Word for word, set down every line of the entries below from the line with "Maxima Ice Machine" to the line with "Nagelneues Uhlsport Polo-Shirt", including both, and no other line.

◆ Task data ◆
Content starts

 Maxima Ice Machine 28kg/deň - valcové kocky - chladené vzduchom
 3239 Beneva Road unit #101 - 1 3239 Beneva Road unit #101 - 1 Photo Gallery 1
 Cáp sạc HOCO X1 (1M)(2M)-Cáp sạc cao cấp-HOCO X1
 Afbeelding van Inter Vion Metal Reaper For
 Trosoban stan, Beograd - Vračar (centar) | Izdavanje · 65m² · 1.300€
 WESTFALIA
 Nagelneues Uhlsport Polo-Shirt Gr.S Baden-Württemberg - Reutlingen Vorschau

Content ends
Content starts

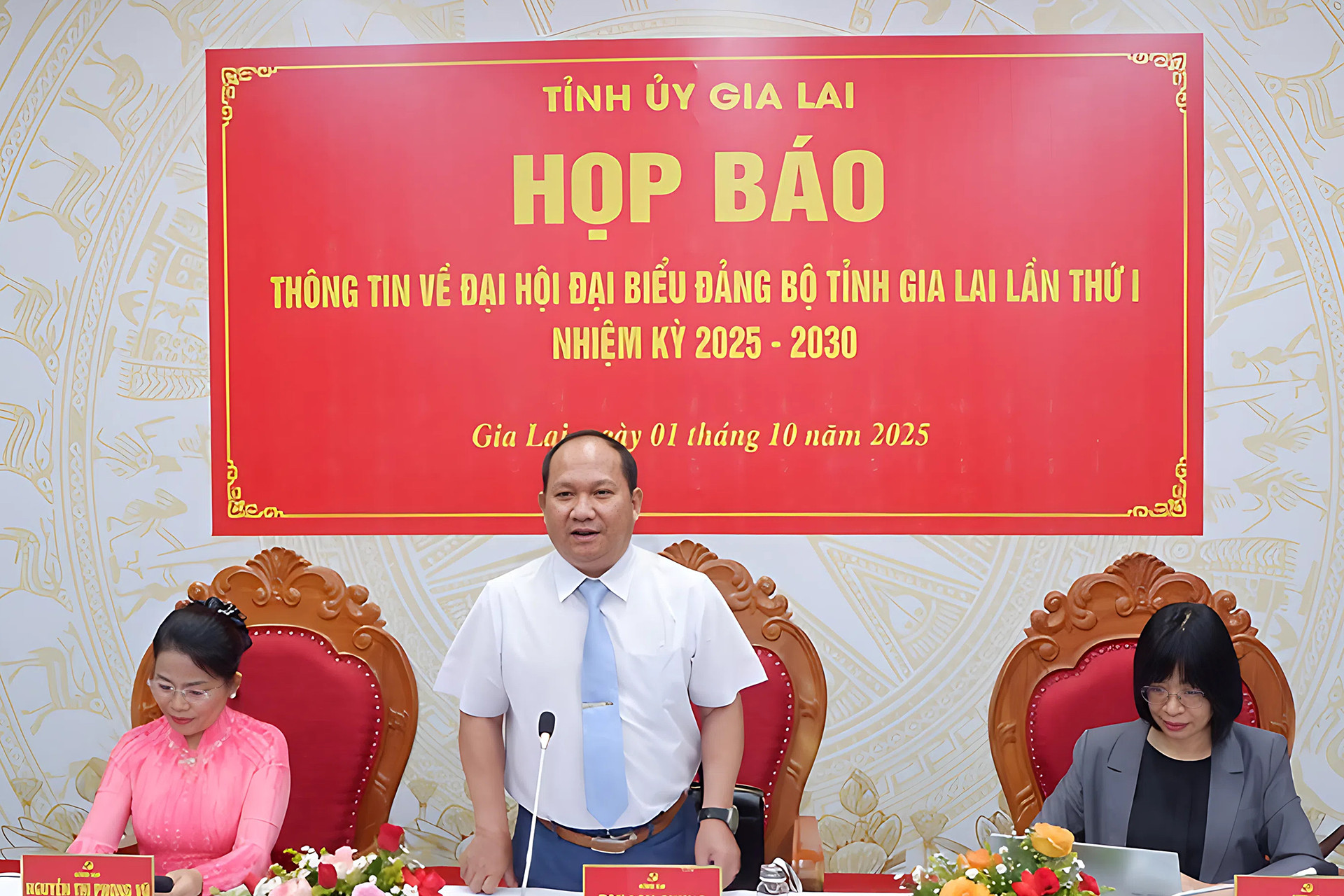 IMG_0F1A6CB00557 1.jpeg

Content ends
Content starts

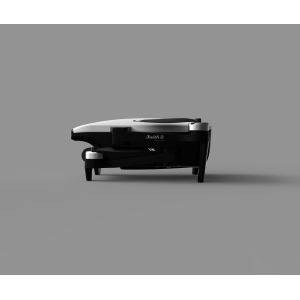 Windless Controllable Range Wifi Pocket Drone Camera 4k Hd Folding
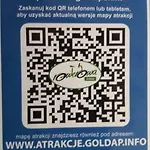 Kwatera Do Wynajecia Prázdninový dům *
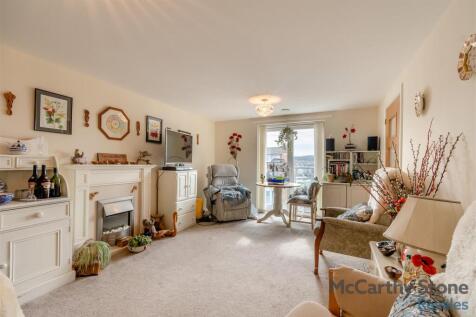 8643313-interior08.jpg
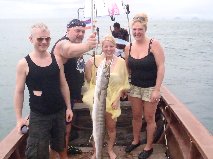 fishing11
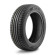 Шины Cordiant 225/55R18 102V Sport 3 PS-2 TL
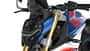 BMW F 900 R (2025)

Content ends

◆ Exercise result ◆
 Maxima Ice Machine 28kg/deň - valcové kocky - chladené vzduchom
 3239 Beneva Road unit #101 - 1 3239 Beneva Road unit #101 - 1 Photo Gallery 1
 Cáp sạc HOCO X1 (1M)(2M)-Cáp sạc cao cấp-HOCO X1
 Afbeelding van Inter Vion Metal Reaper For
 Trosoban stan, Beograd - Vračar (centar) | Izdavanje · 65m² · 1.300€
 WESTFALIA
 Nagelneues Uhlsport Polo-Shirt Gr.S Baden-Württemberg - Reutlingen Vorschau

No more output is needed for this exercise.